• Days 1-3: A concept and small beginning

    David05/10/2019 at 03:56 0 comments

    Robotics kits are expensive! Take a look at Vex robotics kits, it takes $500+ dollars to get a starter kit that includes a drive base, manipulator, robot controller and remote control! Don’t get me wrong, I grew up using Vex kits and I see it as the gold standard for learning robotics. However, the price tag is a huge barrier to entry.

    Additionally, if you want to start building bigger, badder robots, Vex is not the way to go!! In fact, there isn’t really a clear way to go. You have to start piecing together parts from a bunch of different locations, which gets real expensive quick. The electrical wiring starts getting way more complicated and dangerous. Plus now your having to cobble together code on an arduino or Raspberry Pi, not always an easy task that a beginner could do.

    If we truly want to see a future where robots are in every home making our lives easier, then we need a lot more people making them, even if it is just for fun! That’s the problem I’d like to solve. I want to create a fully functional robot kit for under $100, that includes a vex level robot base kit, robot controller, remote controller, and battery (cuz power is important!). Beyond that, I want to create the components to allow that kit to be able to grow into whatever robot you can imagine: a bigger power system, motor controllers, connectivity with things like Raspberry Pis to expand it computing ability, along with all the mechanical bits like motors and gearboxes.

    And a beginning!

    I decided I needed to make something move, and make it move now. Possibly not the most productive thing to do at the beginning of a large project, but it is what it is.

    Butttttt  what to make???

    I’ve got some servos....

    I’ve got a raspberry Pi and a PWM shield...
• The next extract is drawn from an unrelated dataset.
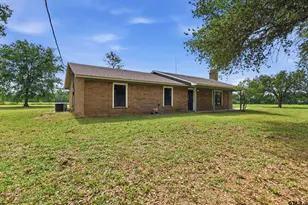 3344 Fm 556, Pittsburg, TX 75686 - Photo 4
    I’ve needed to dust off the 3d printer...

    So, I made a two jointed robot arm that has a UDP server to accept commands sent over wifi!!!!!

    Started with drawing a quick part in Fusion 360 (my cad tool of choice for this project), printed it out with my Prusa 3d printer (awesome printer btw)

    Of course I didn’t plan for how the HS-645MG servos were going to slide in....

    Butttt a quick fix with the saw made things better!

    Also, the holes weren’t quite accepting of the M4 bolts I used to mount the servos so had to drill out the holes. I also used some nice 17mm metal servo horns that had m3 threaded holes.

    Here’s a top view with banana for scale.

    Electronics wise, I used a RaspberryPi 3 with a Adafruit pwm hat hooked up to 4 AA battteries to power the servos.

    After a bit of code....

    IT’S ALIVE!!!!!!!!!!!

    If you want to take a peek at the code (not well commented btw...), grab the stl for the arms, or look at the drawing for demininsions I setup up a github repo here.

    Out of curiosity, I pulled together the bill for what I just did:






    HS-645MG servo




    17 mm servo horn




    Raspberry Pi3




    SD card




    Battery holder




    servo hat






    Holy crap! $130 to make a creepy crawly robot???

    Granted, it’d be easy to make something half as expensive and achieve the same funtionality, but still, spending at least $60 to just make a wirelessly controlled creepy crawly is a bit much! Thus why I want to do this project. Making a simple robot like that should be cheap and simple, and not take someone that has an engineering degree 5 hours to put together!

    Up next:

    While that was a fun exercise and serves to sorta prove that there is a problem (or that I have a problem since I just had all that stuff laying around), I really need to take a step back and evaluate what the requirements for competing in the Hackaday prize are and what my goals for the project truly are.